Even within productive assets, we saw last week that some housing is only partially a productive asset, and partially a medallion which is an anti-productive asset, conferring income on its owner by restricting economic investment and gathering government subsidies. It shows up on the balance sheet as an asset, but from a societal view it is a liability, and it is yet another angle that has to be underwritten. There are always additional layers we can dig into to better understand an investment.
Liberty on Twitter noted that Bill Gates stated on Clubhouse this week:
I haven't chosen to invest in [bitcoin]... I buy vaccines, I invest in malaria medicine, in companies that make things.. I don't buy something just thinking someone else will pay more for it later."
I couldn’t have said it better myself.
For example, if you have a 10 year, 2% Treasury bond, and it trades up to 120% of par, that means your return in the past was 20%, but your return in the future will now be 0%.
As Keynes famously put it in Chapter 12 of his General Theory, “Professional investment may be likened to those newspaper competitions in which the competitors have to pick out the six prettiest faces from a hundred photographs, the prize being awarded to the competitor whose choice most nearly corresponds to the average preferences of the competitors as a whole; so that each competitor has to pick, not those faces which he himself finds prettiest, but those which he thinks likeliest to catch the fancy of the other competitors, all of whom are looking at the problem from the same point of view.”
Many financial assets actually have negative income these days, particularly once you adjust for inflation. That is a topic for another essay.
This is not exactly the way it works in real life, but it is close enough for this story.
Cynics on Wall Street will often refer to a certain type of worthless speculative asset as a “trading sardine”, in reference to a classic story. I think a Rembrandt is a much better description for this particular phenomenon - a Rembrandt has value, but return is totally dependent on supply and demand rather than cash flow. The sardine story, as told by Seth Klarman (in a book that has itself ironically become a Rembrandt or trading sardine):
“There is the old story about the market craze in sardine trading when the sardines disappeared from their traditional waters in Monterey, California. The commodity traders bid them up and the price of a can of sardines soared. One day a buyer decided to treat himself to an expensive meal and actually opened a can and started eating. He immediately became ill and told the seller the sardines were no good. The seller said, ‘You don’t understand. These are not eating sardines, they are trading sardines.’”

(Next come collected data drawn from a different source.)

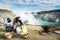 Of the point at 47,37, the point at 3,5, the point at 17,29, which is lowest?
the point at 47,37

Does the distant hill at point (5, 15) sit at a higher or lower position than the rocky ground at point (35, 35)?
higher

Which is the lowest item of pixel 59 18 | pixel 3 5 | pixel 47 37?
pixel 47 37

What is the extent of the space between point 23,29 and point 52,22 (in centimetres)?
36

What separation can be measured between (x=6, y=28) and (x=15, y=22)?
0.42ft

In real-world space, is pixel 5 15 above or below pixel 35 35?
above

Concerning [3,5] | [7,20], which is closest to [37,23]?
[7,20]

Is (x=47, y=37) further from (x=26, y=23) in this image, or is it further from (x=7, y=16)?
(x=7, y=16)

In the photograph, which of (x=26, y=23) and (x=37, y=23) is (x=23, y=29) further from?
(x=37, y=23)

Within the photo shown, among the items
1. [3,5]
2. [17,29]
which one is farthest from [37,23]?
[3,5]

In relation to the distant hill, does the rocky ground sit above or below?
below

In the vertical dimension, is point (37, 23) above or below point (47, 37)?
above

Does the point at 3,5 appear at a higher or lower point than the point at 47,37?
higher

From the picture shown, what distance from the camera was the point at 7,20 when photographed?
1493 millimetres

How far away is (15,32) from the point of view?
1.47 meters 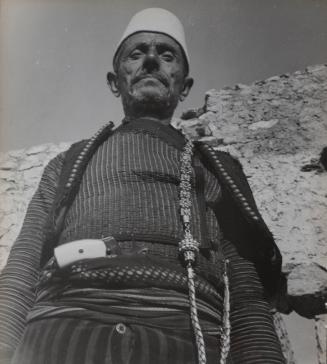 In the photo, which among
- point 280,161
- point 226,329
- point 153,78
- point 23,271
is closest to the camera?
point 226,329

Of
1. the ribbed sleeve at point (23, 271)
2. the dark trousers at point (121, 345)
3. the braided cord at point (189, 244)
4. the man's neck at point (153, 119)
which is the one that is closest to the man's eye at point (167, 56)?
the man's neck at point (153, 119)

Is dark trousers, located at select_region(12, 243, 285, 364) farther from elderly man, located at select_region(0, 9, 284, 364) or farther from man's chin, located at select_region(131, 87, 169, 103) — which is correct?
man's chin, located at select_region(131, 87, 169, 103)

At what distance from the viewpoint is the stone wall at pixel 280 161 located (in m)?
2.00

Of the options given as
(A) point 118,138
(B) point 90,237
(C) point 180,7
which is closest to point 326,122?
(C) point 180,7

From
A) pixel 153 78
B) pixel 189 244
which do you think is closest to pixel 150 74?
pixel 153 78

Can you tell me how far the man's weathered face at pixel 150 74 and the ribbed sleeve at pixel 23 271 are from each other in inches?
15.2

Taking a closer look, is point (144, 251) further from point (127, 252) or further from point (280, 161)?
point (280, 161)

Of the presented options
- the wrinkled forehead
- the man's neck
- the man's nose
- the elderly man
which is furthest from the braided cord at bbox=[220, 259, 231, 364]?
the wrinkled forehead

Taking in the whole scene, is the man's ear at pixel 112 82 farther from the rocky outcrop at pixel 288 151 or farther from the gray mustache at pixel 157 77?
the rocky outcrop at pixel 288 151

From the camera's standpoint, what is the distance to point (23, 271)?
5.25 ft

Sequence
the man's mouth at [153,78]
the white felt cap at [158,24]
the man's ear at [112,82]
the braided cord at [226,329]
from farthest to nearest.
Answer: the man's ear at [112,82] < the white felt cap at [158,24] < the man's mouth at [153,78] < the braided cord at [226,329]

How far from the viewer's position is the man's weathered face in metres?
1.94

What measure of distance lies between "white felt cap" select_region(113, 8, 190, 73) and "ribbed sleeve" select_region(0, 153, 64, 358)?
63 cm

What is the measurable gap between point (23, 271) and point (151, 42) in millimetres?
950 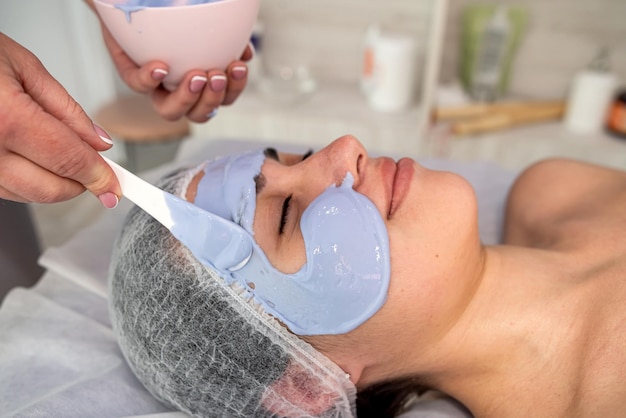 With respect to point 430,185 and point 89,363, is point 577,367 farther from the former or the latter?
point 89,363

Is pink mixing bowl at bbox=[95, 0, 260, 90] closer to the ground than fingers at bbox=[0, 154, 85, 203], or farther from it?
farther from it

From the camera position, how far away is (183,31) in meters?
0.91

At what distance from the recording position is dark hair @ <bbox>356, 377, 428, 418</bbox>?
1.09 metres

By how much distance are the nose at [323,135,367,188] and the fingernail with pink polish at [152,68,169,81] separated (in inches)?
12.5

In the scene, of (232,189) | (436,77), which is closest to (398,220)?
(232,189)

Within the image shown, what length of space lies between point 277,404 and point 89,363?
44 centimetres

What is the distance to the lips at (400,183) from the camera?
0.95 metres

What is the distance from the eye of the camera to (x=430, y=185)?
98 cm

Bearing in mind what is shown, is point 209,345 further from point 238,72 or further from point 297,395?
point 238,72

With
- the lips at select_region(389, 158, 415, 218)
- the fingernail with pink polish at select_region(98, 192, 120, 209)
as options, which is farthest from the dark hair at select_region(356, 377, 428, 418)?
the fingernail with pink polish at select_region(98, 192, 120, 209)

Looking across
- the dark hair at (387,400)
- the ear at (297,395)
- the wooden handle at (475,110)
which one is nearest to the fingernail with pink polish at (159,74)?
the ear at (297,395)

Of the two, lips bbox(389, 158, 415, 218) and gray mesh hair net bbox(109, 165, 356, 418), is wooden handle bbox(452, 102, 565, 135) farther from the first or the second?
gray mesh hair net bbox(109, 165, 356, 418)

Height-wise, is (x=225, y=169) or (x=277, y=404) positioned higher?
(x=225, y=169)

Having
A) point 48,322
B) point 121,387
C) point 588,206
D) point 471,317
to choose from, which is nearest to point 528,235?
point 588,206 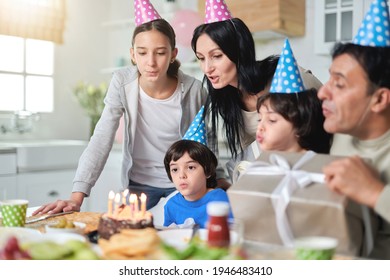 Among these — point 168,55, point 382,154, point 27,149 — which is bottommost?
point 27,149

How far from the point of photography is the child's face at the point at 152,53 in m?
1.41

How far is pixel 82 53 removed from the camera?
3.70 meters

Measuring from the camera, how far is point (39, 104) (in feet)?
11.4

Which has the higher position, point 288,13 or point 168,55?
point 288,13

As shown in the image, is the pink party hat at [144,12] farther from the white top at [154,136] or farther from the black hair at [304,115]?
the black hair at [304,115]

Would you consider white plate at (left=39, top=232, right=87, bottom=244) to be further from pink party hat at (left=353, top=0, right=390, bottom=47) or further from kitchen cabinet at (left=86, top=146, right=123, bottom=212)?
kitchen cabinet at (left=86, top=146, right=123, bottom=212)

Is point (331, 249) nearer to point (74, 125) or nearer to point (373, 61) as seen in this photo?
point (373, 61)

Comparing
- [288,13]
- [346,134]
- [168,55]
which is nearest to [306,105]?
[346,134]

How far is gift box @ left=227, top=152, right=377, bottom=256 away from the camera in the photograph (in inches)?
28.9

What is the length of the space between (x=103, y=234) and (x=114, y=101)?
2.61 feet

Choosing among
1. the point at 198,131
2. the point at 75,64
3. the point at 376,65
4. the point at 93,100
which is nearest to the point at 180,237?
the point at 376,65

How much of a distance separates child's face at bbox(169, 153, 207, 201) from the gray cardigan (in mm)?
162

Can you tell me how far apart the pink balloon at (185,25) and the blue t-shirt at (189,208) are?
4.63 feet

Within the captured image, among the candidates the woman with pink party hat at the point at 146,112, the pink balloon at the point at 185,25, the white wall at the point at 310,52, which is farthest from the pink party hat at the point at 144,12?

The owner of the Mets at the time, Fred Wilpon, was in his youth a lefty pitcher at his high school in Brooklyn, during which time he recruited a friend to play first base on his high school team - a basketball star named Sandy Koufax. Koufax went to the University of Cincinnati on a basketball scholarship, but in his senior year he played a bit of baseball as well, this time as a pitcher instead of a first baseman. He then went home to the Brooklyn Dodgers and would go on to be perhaps the greatest lefty pitcher in baseball history, while Wilpon was building his fortune in commercial real estate. They would stay friends, and Wilpon got Koufax into business with Madoff as well, an act for which Koufax later forgave him.